July 12, 2024

How using video communications resulted in Magnet’s biggest winter yet

It’s no secret: running a retail business in today’s market can be tumultuous. With ever increasing competition, the constant evolution of customer behaviour, and an endless cost-of-living crisis impacting footfall, making sure teams stay engaged and motivated is a huge challenge.

 

To keep your teams focussed through the good times and bad, a strong internal communications plan is crucial. And whilst text-based messaging certainly has its place, if you want to really connect with your people and keep them engaged, you need to be incorporating video into your strategy.

After its biggest winter to date, Paul Strong, Store Operations Director of Magnet, discusses with Jon Kelly, CEO of creative content and events agency, Meet and Potato, why he believes the addition of video communication has played a key role in the brand’s success.

 

“Winning the hearts and minds of our people is our main goal. We need them to understand our vision, and work with us to achieve it. But we have hundreds of team members spread across all corners of the country, so getting together regularly is unrealistic. For this reason, we have incorporated video into our communications strategy and it’s been a game changer. It enables us to keep momentum high across our teams and helps to keep everyone on the same page, banging the Magnet drum,” says Paul.

 

Jon adds: “We work with Magnet on its annual winter conference, a show stopping event where we lay out the plans for the year ahead and energise the business, but we needed a strong content strategy to work alongside the live event to maintain momentum. That’s why we created Magnet Mindset, a monthly internal video communication which updates the team on business news, and, more importantly, encourages team members to stay connected.

 

“Using video means nothing gets lost in translation,” adds Paul. “Rather than business Chinese whispers, we can ensure the right messages reach the right people. The tone is right, there’s no risk of misinterpretation like in emails, and it’s a direct message from a colleague.
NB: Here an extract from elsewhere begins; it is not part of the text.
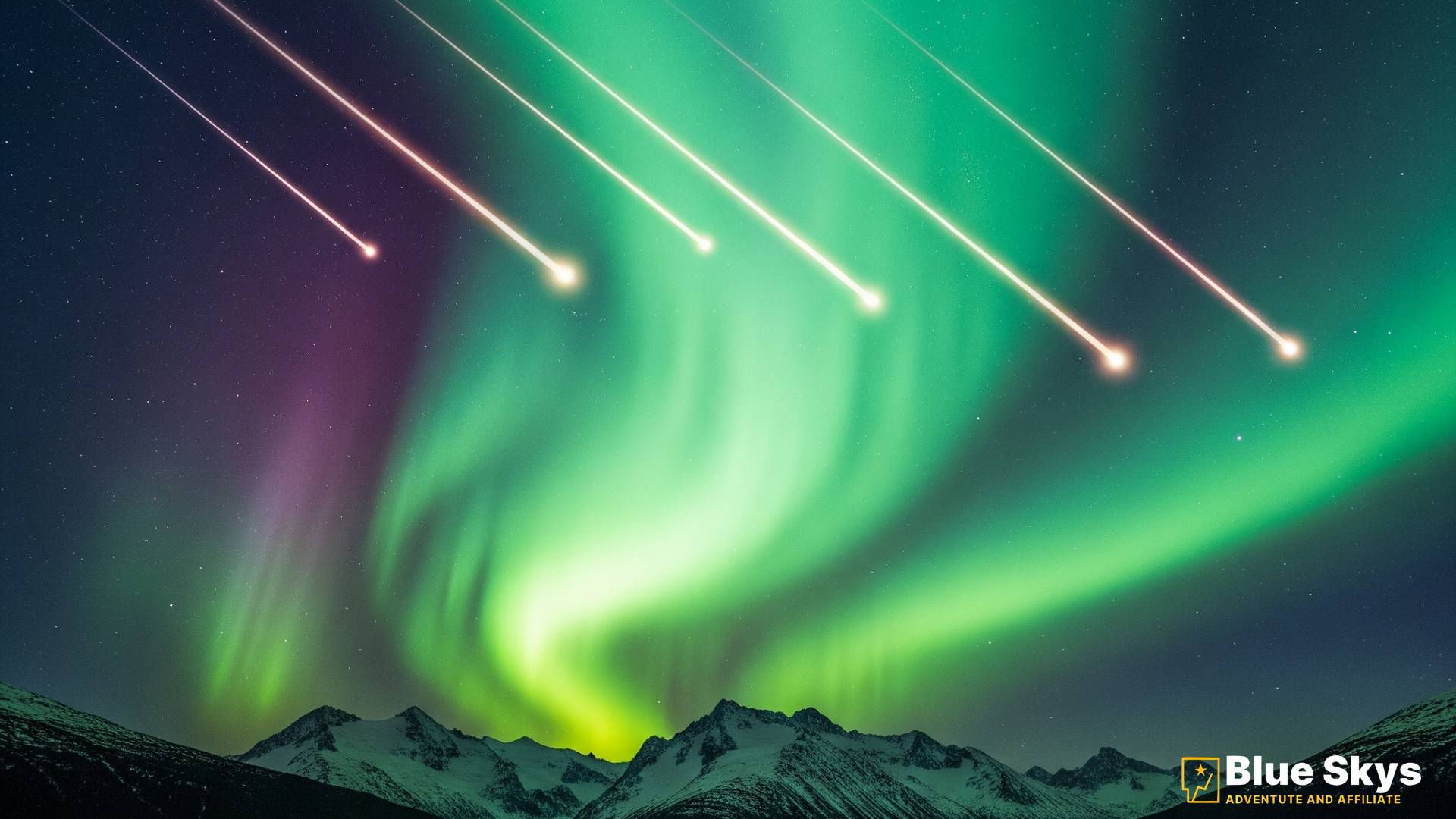A vibrant green aurora borealis with a few meteor streaks in the night sky.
Using video also brings the story to life much more than traditional means of communication, which can land a bit flat and lack the energy we need.”

 

Paul also believes using video closes the gaps of hierarchy. “By putting the directors who are making the core business decisions in regular contact with team members, it makes teams feel included but also encourages them to give feedback. We learn so much from our teams as they’re the ones dealing with customers, so creating this culture of inclusion and two-way communication is imperative.

 

What has also been great about introducing video into our communications is that we can include different people from across the business,” says Paul. “This means that, not only do teams hear from a range of stakeholders, but from a personal development perspective, it gives team members who wouldn’t ordinarily present or speak en masse a chance to get involved, should they want to. This has been great for a number of people in the business and I’ve really noticed their confidence grow.”

 

So, is video the be all and end all? Not quite, thinks Paul: “Whilst we have seen huge benefits from using video and will continue to add it to all avenues of our communications strategy, I am under no illusion that the power of face to face simply cannot be matched. Our conferences will continue to evolve each year but replicating them with video wouldn’t work. The same can be said for training. We have tried video, and it works for some elements, however nothing can beat the efficacy of in-person training for our teams. Video helps us to create a more transparent, inclusive and informed culture for our teams and keeps them on our journey and motivated to sell more. And that spells success for everyone.